→ **Exercise material**:
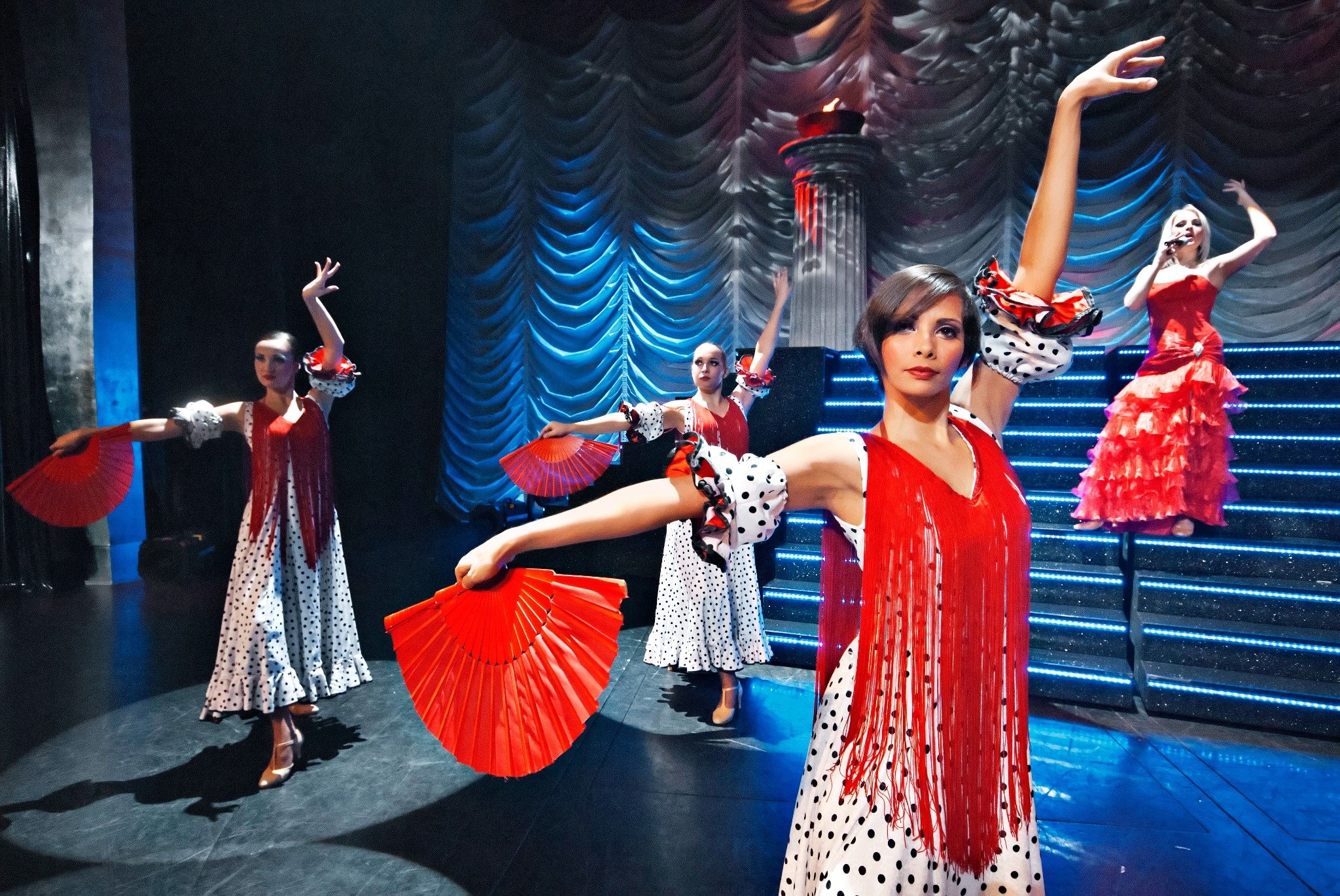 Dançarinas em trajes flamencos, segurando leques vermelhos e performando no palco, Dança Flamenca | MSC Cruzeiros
==
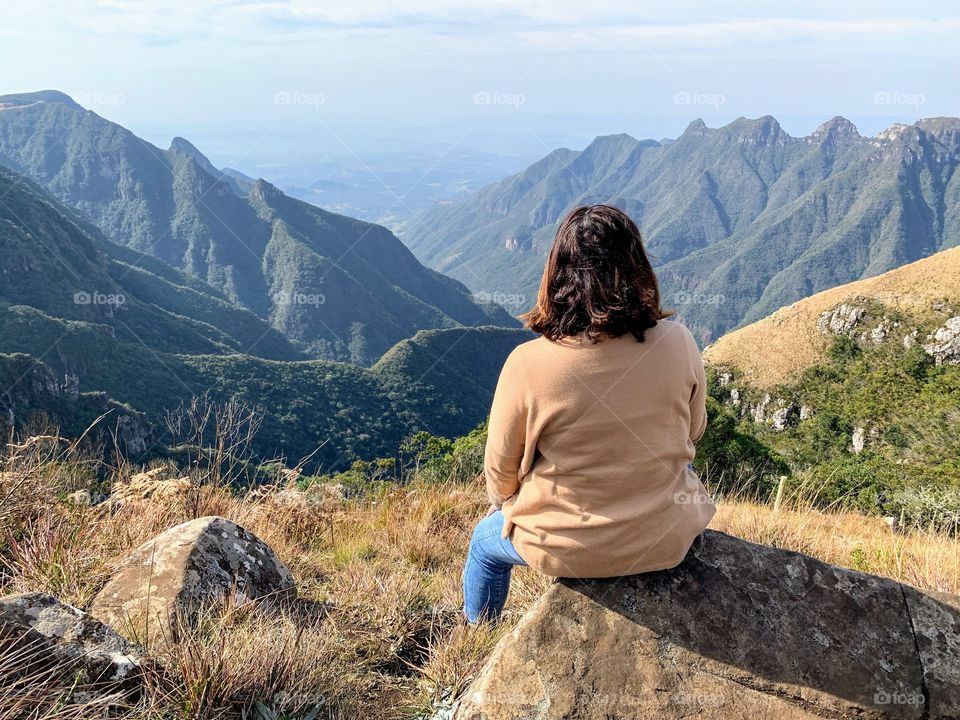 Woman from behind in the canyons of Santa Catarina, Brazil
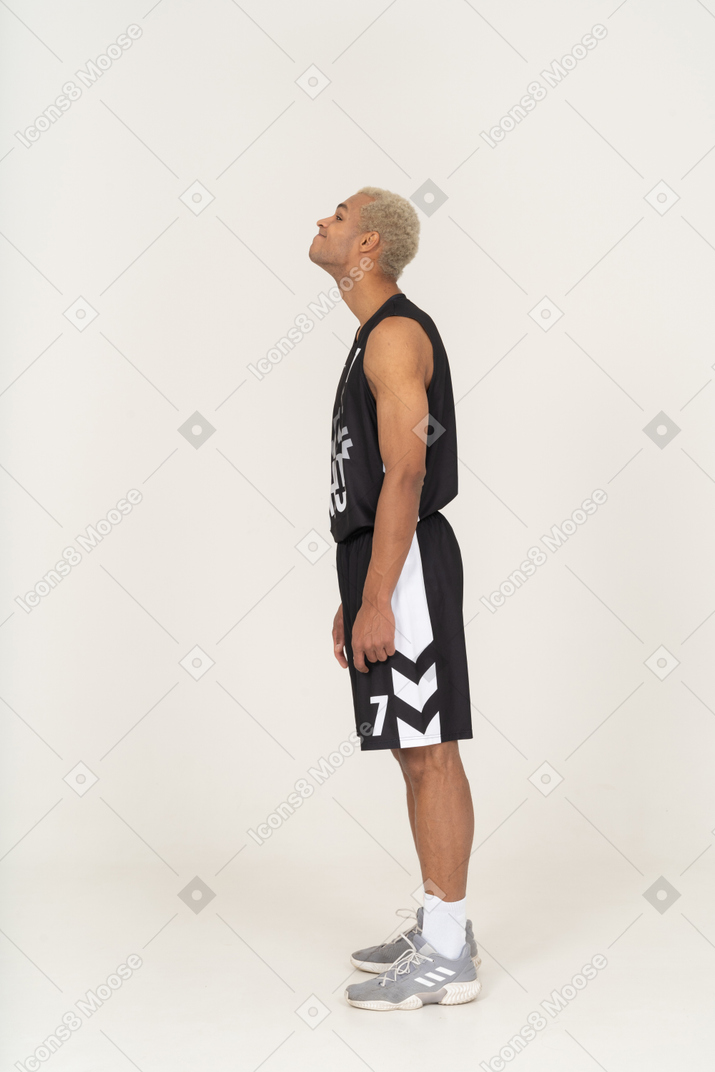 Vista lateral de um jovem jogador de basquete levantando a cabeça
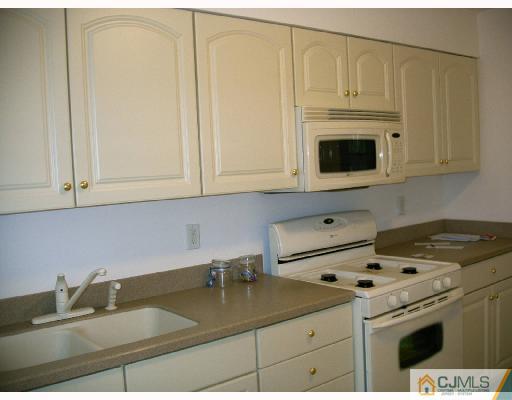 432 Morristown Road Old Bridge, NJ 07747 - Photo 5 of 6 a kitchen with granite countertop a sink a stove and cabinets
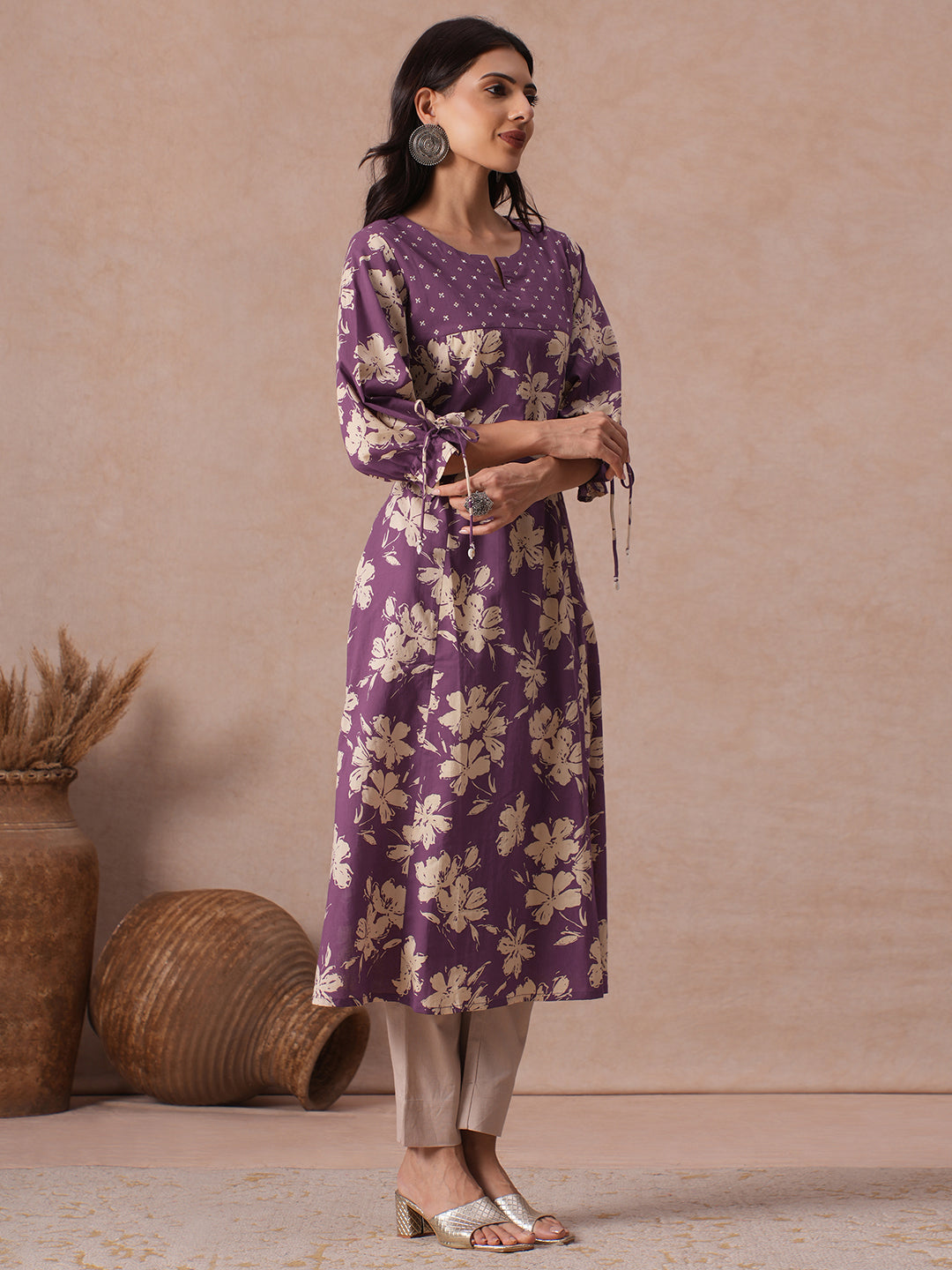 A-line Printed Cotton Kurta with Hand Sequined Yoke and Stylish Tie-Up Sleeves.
---
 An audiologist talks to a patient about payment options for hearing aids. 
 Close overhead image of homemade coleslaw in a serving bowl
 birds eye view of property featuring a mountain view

→ **Instructions for the task**: In the records above, find the line with "Woman from behind" and the line with "A-line Printed Cotton", then restate word for word only those two lines and all lines between, omitting pictures.

→ **Solved problem**:
 Woman from behind in the canyons of Santa Catarina, Brazil
 Vista lateral de um jovem jogador de basquete levantando a cabeça
 432 Morristown Road Old Bridge, NJ 07747 - Photo 5 of 6 a kitchen with granite countertop a sink a stove and cabinets
 A-line Printed Cotton Kurta with Hand Sequined Yoke and Stylish Tie-Up Sleeves.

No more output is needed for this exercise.